» What you will do: No pictures, please. Copy exactly the lines from the one with "Monday. (PTI) Staff" through the final line below.

Start of Given data

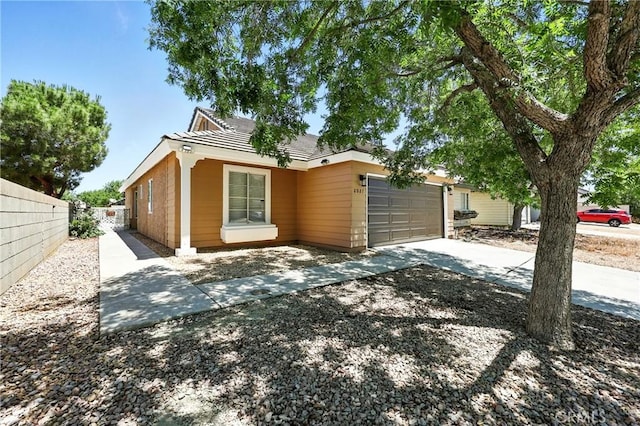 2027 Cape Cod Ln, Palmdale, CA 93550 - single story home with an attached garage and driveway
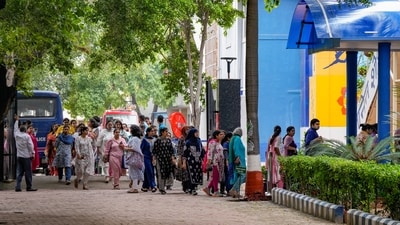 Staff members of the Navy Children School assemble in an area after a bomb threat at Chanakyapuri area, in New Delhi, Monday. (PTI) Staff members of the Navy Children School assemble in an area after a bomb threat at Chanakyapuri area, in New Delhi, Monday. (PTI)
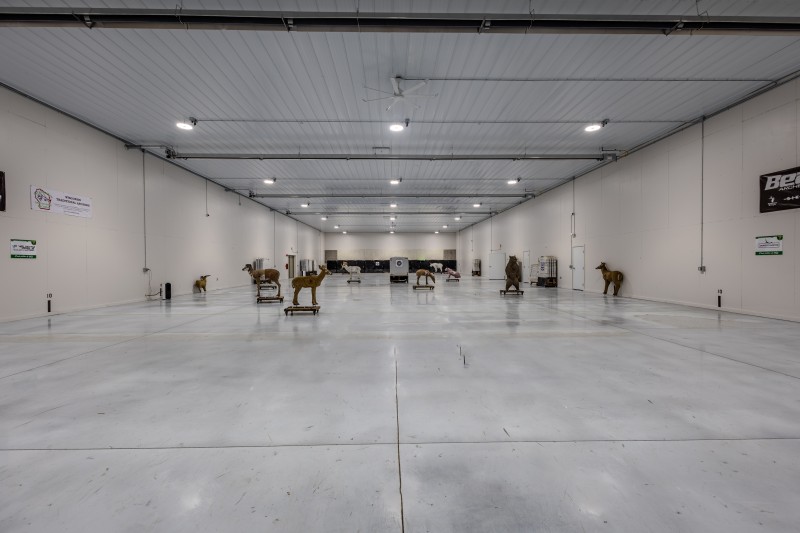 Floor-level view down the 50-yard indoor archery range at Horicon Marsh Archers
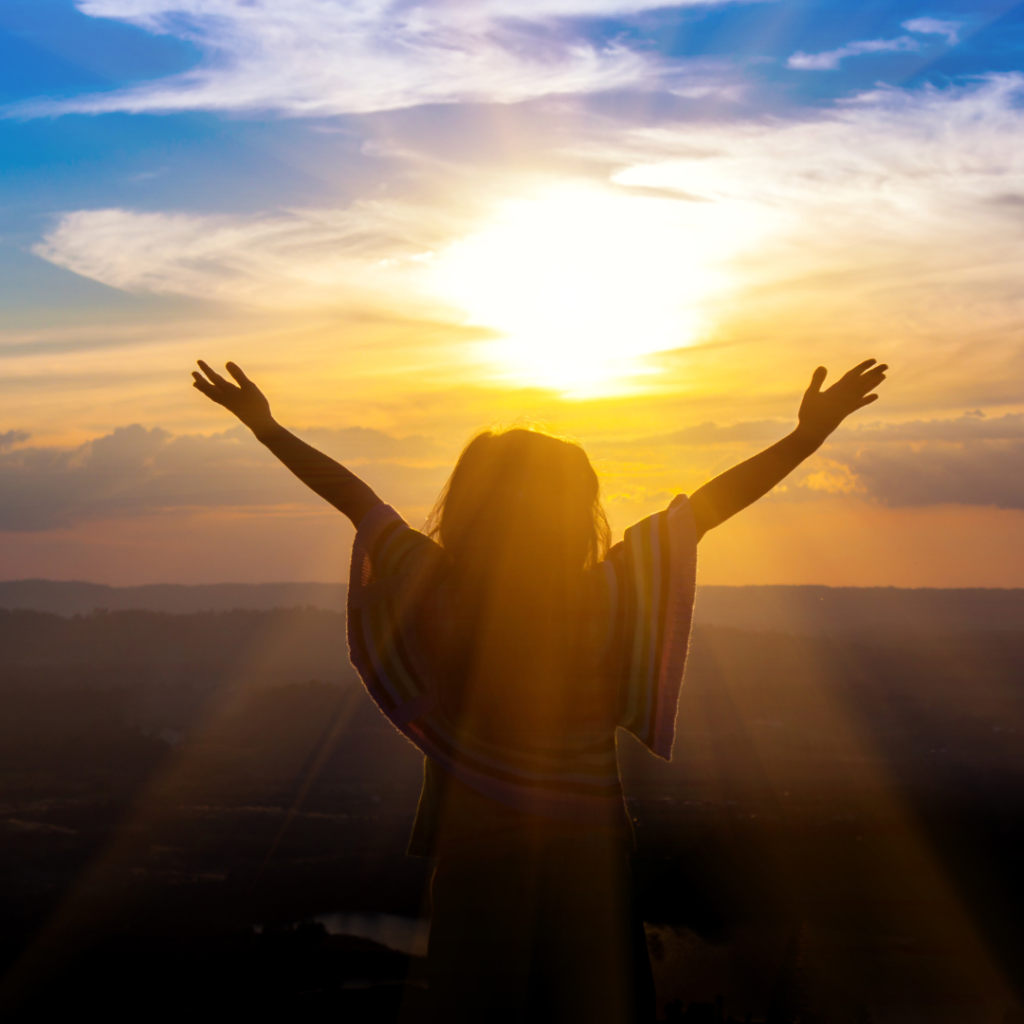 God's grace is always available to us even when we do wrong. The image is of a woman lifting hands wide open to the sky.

End of Given data

» Final answer:
 Staff members of the Navy Children School assemble in an area after a bomb threat at Chanakyapuri area, in New Delhi, Monday. (PTI) Staff members of the Navy Children School assemble in an area after a bomb threat at Chanakyapuri area, in New Delhi, Monday. (PTI)
 Floor-level view down the 50-yard indoor archery range at Horicon Marsh Archers
 God's grace is always available to us even when we do wrong. The image is of a woman lifting hands wide open to the sky.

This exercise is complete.